Ella detuvo la cabalgadura y volvió el rostro:

—¿Qué querés?

—Mándame del pueblo una mujer pa cuidar los muchachos.

Asunción quedó un momento indecisa; luego, con voz humilde:

—¿Cuánto bas á pagar? —dijo.

—Cuatro pesos.

Volvió á meditar, y en seguida con resolución:

—¡Y güeno! —exclamó— pagamelós á mí y yo me quedo.

Casiano, á su vez, quedó perplejo, asombrado con lo extraño, inesperado, absurdo de la proposición. Meditó, sonrió y preguntó con sorna:

—¿Como piona...?

—Como piona —replicó Asunción.

—Güeno, bájate.

Ella se acercó, desmontó, y, tomando el atado, se dirigía al rancho.

—No —gritó Casiano—, pay no; de piona... ¡la piona va á la cocina!

Persecución

Era durante la revolución de Aparicio, en el año 1870.

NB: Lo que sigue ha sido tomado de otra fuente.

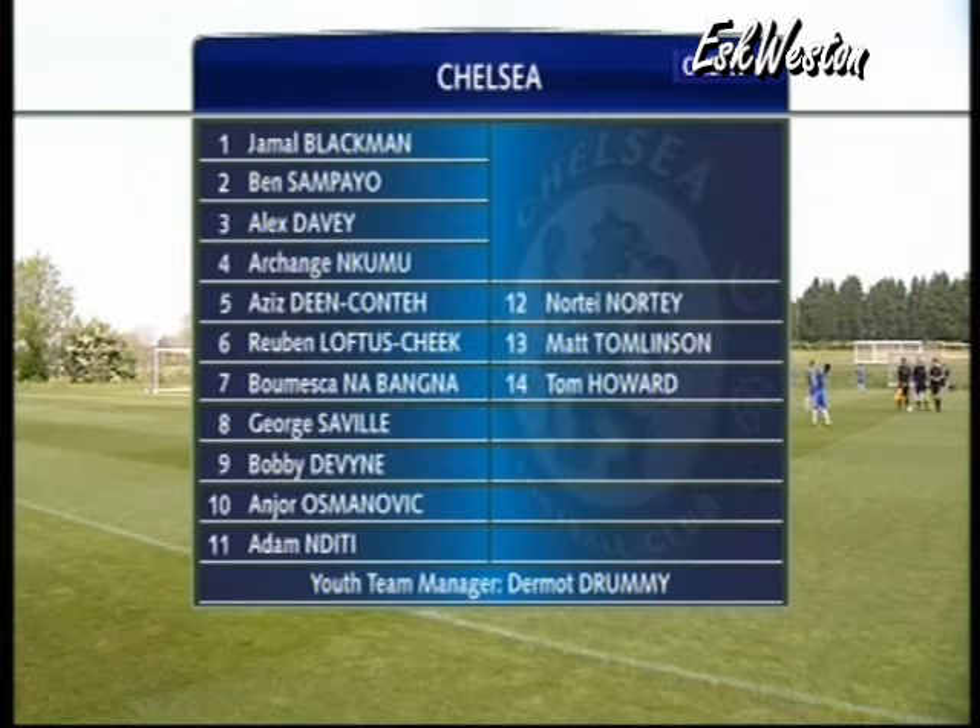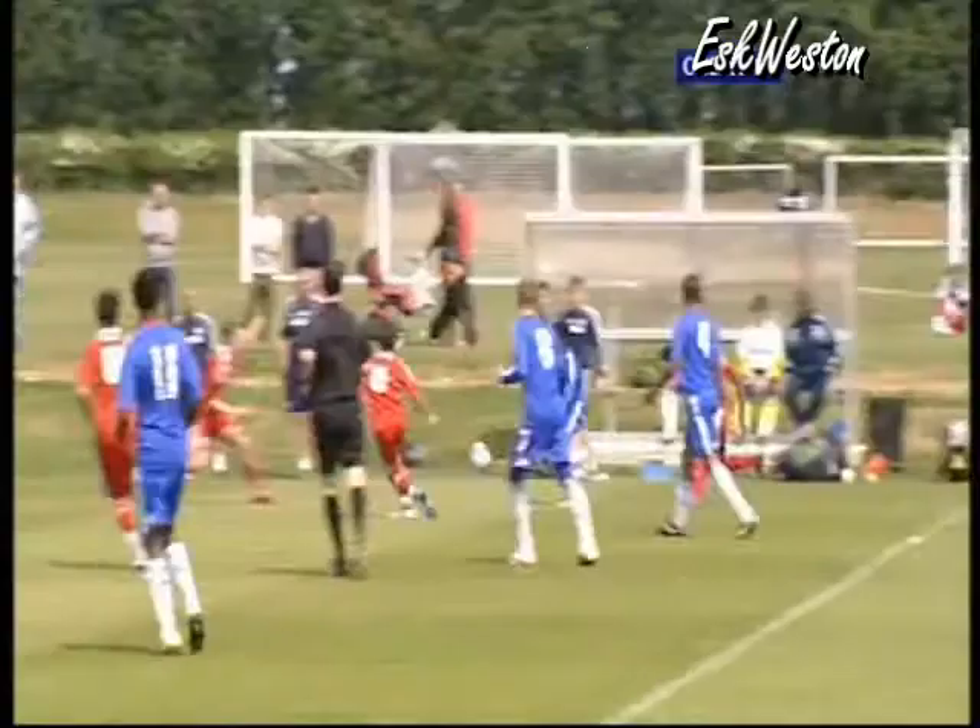Almost an under-16 lineup this one — new names and spectacular ones they are. Two full debuts: Andrew Ozmanovic and Ruben Loftus-Cheek. Saville also comes back in, as does Dean Conte.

Un pelotón de caballería colorada, grupo heterogéneo formado á raíz de una dispersión, había hecho alto, al caer la tarde, para "churrasquear" y al mismo tiempo dar un "resuello" á los caballos, fatigados tras ruda jornada de diez horas de marcha precipitada y continua.

Empapada por una lluvia fría y pertinaz que no había cesado desde la víspera; muerta de fatiga á causa del trotar apresurado y sin tregua durante un día entero; llena de lodo, tiritando de frío y con la barriga vacía, la tropa había hecho alto en una pequeña loma, junto á un monte, desde la cual, á la luz escasa del crepúsculo, se divisaba toda la pequeña zona limitada por un arroyo á la derecha, por otro arroyo á la izquierda y por el río Negro al fondo.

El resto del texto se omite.